Basic rule: Glass should be measured in the same way as the final result will be looked at. The diffusor of the instrument (light source for transmissive readings) should be at the side of the light source and the measuring head at the side of view.
This can cause 2 situations:
1) Print side towards measuring head: this is the preffered measuring method, as the measuring head only sees the light coming through the patch to be measured.
2) Print side behind (towards diffusor): the thicker the glass, the more light can come sideways into the measuring head causing erroneously dark patches to become lighter.
After printing, cut the target on the indicated lines. Glass must be cut neatly.
Use sample holder model 2 supplied with your instrument. Attention to not scratch the measuring table (and diffusor). Fix the glass to the sample holder using a tape. Fix the glass on the top end of the sample holder
Barbieri targets have a “reference area” in the upper left corner of the target. Do not cut off this reference area.
If printing with white ink backing, also the reference area must be printed.
Measurement is executed automatically in “fast” measuring mode in the same way as measuring standard materials.
Opal glass is measured in the same way as fully transparent glass is measured. Measuring time is slower, as the instrument gets lower light level and therefore adjusts measuring time accordingly. In this lower light condition, the stray light influence is more critical and the thinner the Opal glass is, the better the measuring results.
All measurements described in this document are relative to the “reference area” on the target. This means, the instrument assumes the white point to be at the reference area and gives it a value of L*=100, a*=0, b*=0.
This works great for colour management applications which assume a “white background”, as it corresponds to the interpretation of the human eye which also adapts image interpretation to this reference white point.
It must be noted, that when using coloured glass, this method makes it impossible for the ICC profile to use the “absolute colourimetric intent” to match colours as “absolute” and “relative” intents are equal.
If absolute colourimetric matching is required, the reference area on the target must be substituted with a transparent area of same thickness.
Single measurement of coloured patches is supported by the measuring software Profile-Xpert Gateway.

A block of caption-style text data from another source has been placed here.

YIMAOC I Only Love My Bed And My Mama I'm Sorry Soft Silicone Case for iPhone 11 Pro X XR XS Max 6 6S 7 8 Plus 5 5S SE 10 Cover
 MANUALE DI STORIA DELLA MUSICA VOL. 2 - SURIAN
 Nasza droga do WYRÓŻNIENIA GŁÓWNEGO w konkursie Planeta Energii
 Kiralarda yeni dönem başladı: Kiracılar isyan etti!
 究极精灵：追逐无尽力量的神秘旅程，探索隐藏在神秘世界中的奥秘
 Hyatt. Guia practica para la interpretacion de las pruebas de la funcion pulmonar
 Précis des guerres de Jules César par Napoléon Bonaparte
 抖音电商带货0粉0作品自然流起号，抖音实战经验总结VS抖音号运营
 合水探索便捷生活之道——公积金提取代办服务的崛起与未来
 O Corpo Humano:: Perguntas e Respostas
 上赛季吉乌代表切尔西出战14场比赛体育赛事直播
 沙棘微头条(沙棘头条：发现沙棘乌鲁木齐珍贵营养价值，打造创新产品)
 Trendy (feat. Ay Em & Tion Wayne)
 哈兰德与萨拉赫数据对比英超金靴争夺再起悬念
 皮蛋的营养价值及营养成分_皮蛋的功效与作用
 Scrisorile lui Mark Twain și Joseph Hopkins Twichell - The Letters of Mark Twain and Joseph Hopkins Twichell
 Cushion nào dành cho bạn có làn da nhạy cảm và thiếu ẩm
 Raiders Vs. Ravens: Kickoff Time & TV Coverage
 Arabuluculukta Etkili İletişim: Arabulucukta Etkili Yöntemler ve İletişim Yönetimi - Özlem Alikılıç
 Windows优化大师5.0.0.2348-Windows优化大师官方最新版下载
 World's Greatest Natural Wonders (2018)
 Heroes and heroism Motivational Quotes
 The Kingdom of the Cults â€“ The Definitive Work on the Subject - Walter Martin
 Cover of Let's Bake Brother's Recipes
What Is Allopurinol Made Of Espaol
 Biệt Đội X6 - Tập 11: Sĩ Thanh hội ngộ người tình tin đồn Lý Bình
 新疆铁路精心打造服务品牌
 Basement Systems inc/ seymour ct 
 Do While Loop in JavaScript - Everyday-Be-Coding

Please refer to the operating manual of this software for detailed information.
When measuring a glass sample, please note that the instrument needs first to be calibrated on a clear area and then continue spot measurement on the patch to be measured:
Transmission vs. reflection
In some applications, pictures are printed with a white backing. These pictures have the advantage, that they have a defined background colour and can be viewed also under daylight.
This raises the question: should it be measured/ profiled using transmission or reflection measuring mode?
The possible answers are as follows:
- If the picture is viewed in a dark room through a light table, transmission measurement is the correct answer
- If the picture is viewed in a bright room or under daylight, reflection measurement is the correct answer
- If the picture is viewed during the day under daylight, and during the night under backlit, a mixture of both should be used. The mixture is normally achieved by using the transmission method (giving normally higher saturated values) and printing the picture with lower saturation.
Colour space comparison between reflective measurement (green) and transmissive measurement (blue):
As long as the printed side is towards the measuring head, reflection measurement on glass is done regularly same as measuring paper.
If the printed side is behind the glass, towards the diffuser, reflection measurement is not possible. The reason is, that the light is not reflected back into the optics.